This agility is added to by the app-based approach, which can enable cargo operations with a mobile-first approach to air cargo management. This approach reflects the technological shift that today’s businesses are experiencing, marked by the shrinking usage of desktop computers in the working environment.

Enhanced visibility, intelligence and decision-making

The entire air cargo industry is shifting because of increasing visibility that’s available due to new technologies. This visibility relates to the exact location of a package at any time during its journey.

Mobile technology and open API platforms will revolutionise air cargo, allowing carriers to get a real-time and end-to-end digital view of the supply chain, while providing the ability to reduce delays and minimise the risk of disruption.

Real-time data and information exchange

However, digital air cargo isn’t just about data, it’s also about connecting and collaborating, and enhanced visibility is not possible without real-time and the harmonised sharing of accurate and relevant information across the value chain.

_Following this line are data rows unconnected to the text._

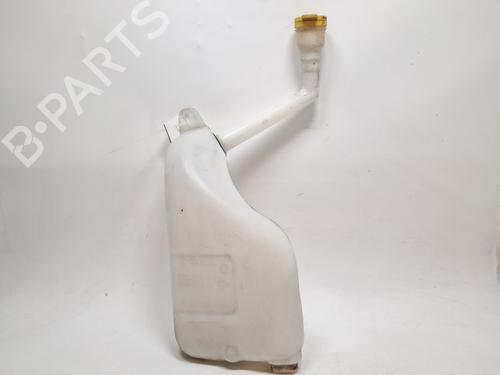 Deposito limpia Deposito limpia RENAULT SCÉNIC III (JZ0/1_) 1.2 TCe (JZ16) (132 hp) 39766994 39766994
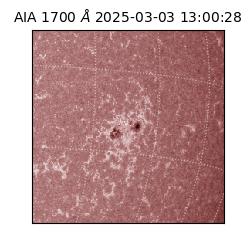 saia - 2025-03-03T13:00:28.717000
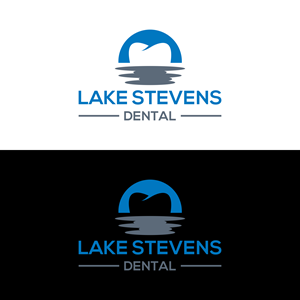 Logo Design by anak hits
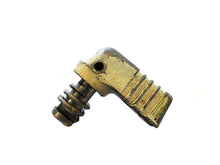 Mercury 90 110 200 350 30822 Choke Knob 30947 Tension Spring 30546 Shaft Used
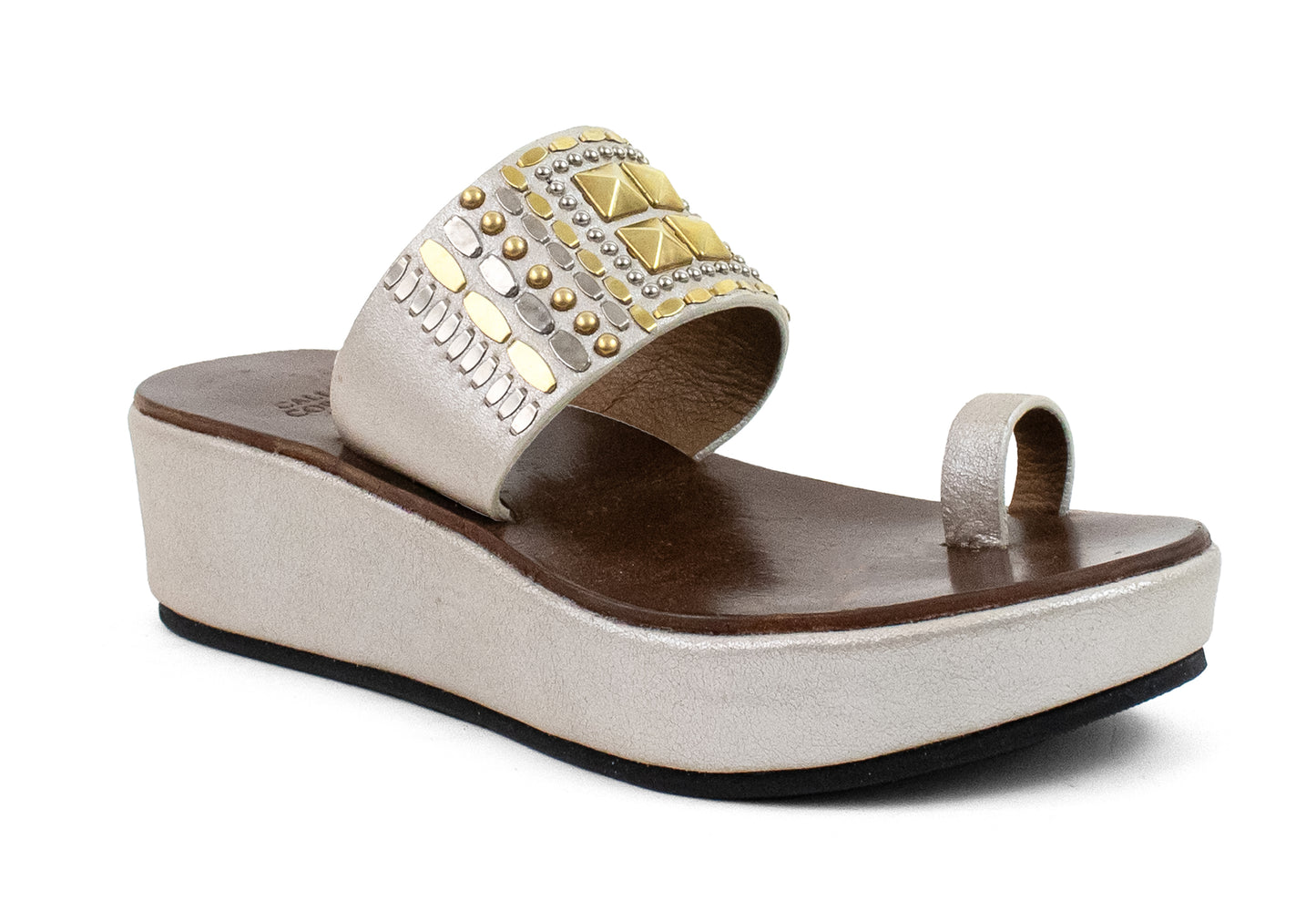 Kenji Solara Platform
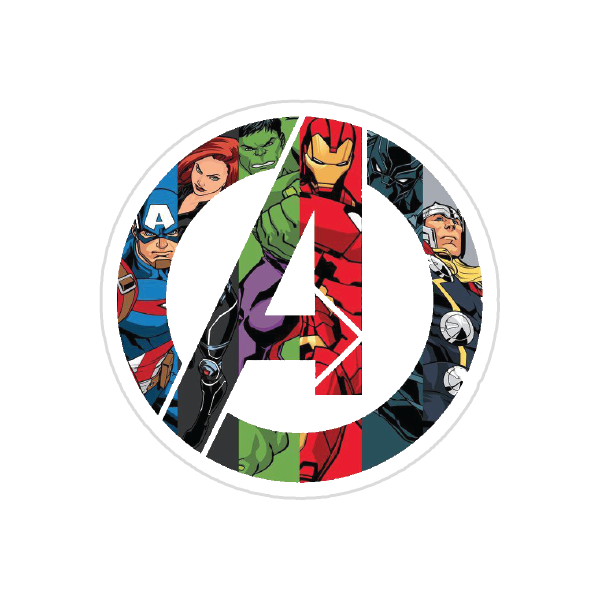 avengers (6)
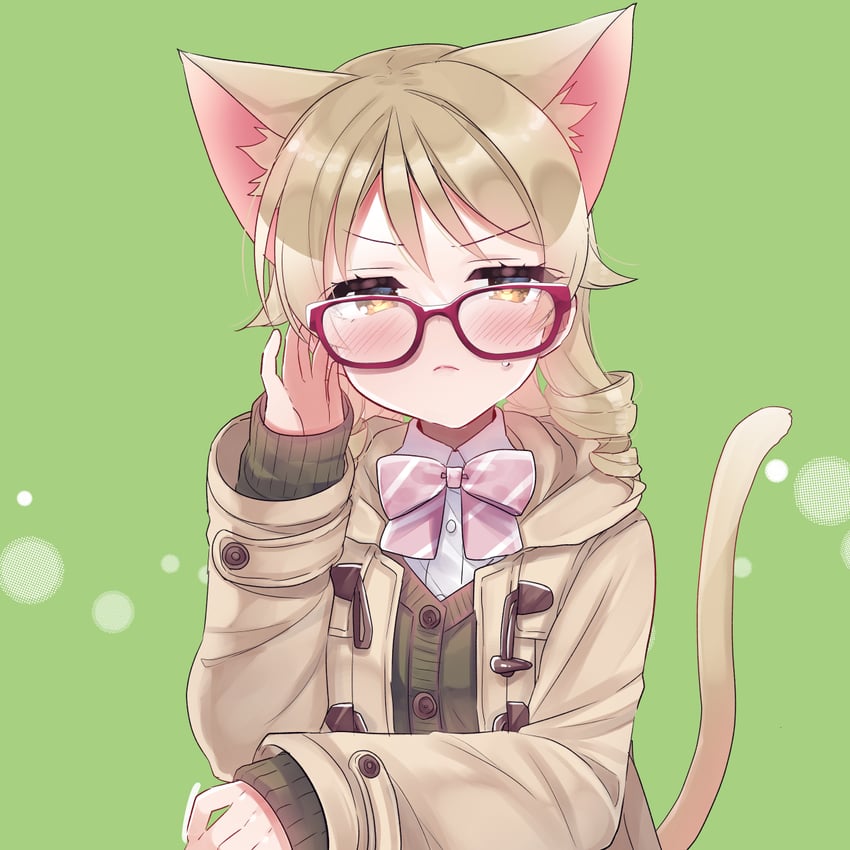 morikubo nono (idolmaster and 1 more) drawn by hano_haruka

Whilst electronic documents greatly reduce the inefficiencies caused by excessive paperwork, this does not go far enough. Embracing new technology, such as a warehouse app, can deliver an end-to-end view of cargo management, and enables warehouse staff within cargo terminals to change workflows and processes on-the-go.

Such apps can greatly reduce inefficiencies caused by inputting of data and checks – all of which can be done from a single device.
Cargo Shot
The improved transparency and predictability within an intelligent cargo ecosystem will greatly enable carriers and handlers to accommodate new services such as guaranteed delivery and other premium delivery options, as well as improving services such as the delivery of perishable goods.

What it takes to digitise air cargo

It is already true that the unabated growth of global e-commerce and the advent of big data, analytics, cloud computing, open messaging platforms, and the Internet of Things (IoT) have revolutionised other industries, and air cargo will be no exception. 

In recent years there has been an emergence of new competitors expanding into air cargo from other sectors, and companies like Amazon have leveraged their experiences in supply chain management, customer relationship management, and various other competencies to radically alter the landscape. 

To get ahead of the inevitable disruption, air cargo carriers and airports alike must capitalise on digital opportunities to adapt, upgrade, and enhance all aspects of their operations to compete more effectively with new market entrants. 

Every element in the air cargo supply chain must be in close contact with the next.

Thanks to digitisation, collaboration can be made much easier. Inventory and transportation costs will reduce significantly, while production processes will be accelerated and delivery times decreased.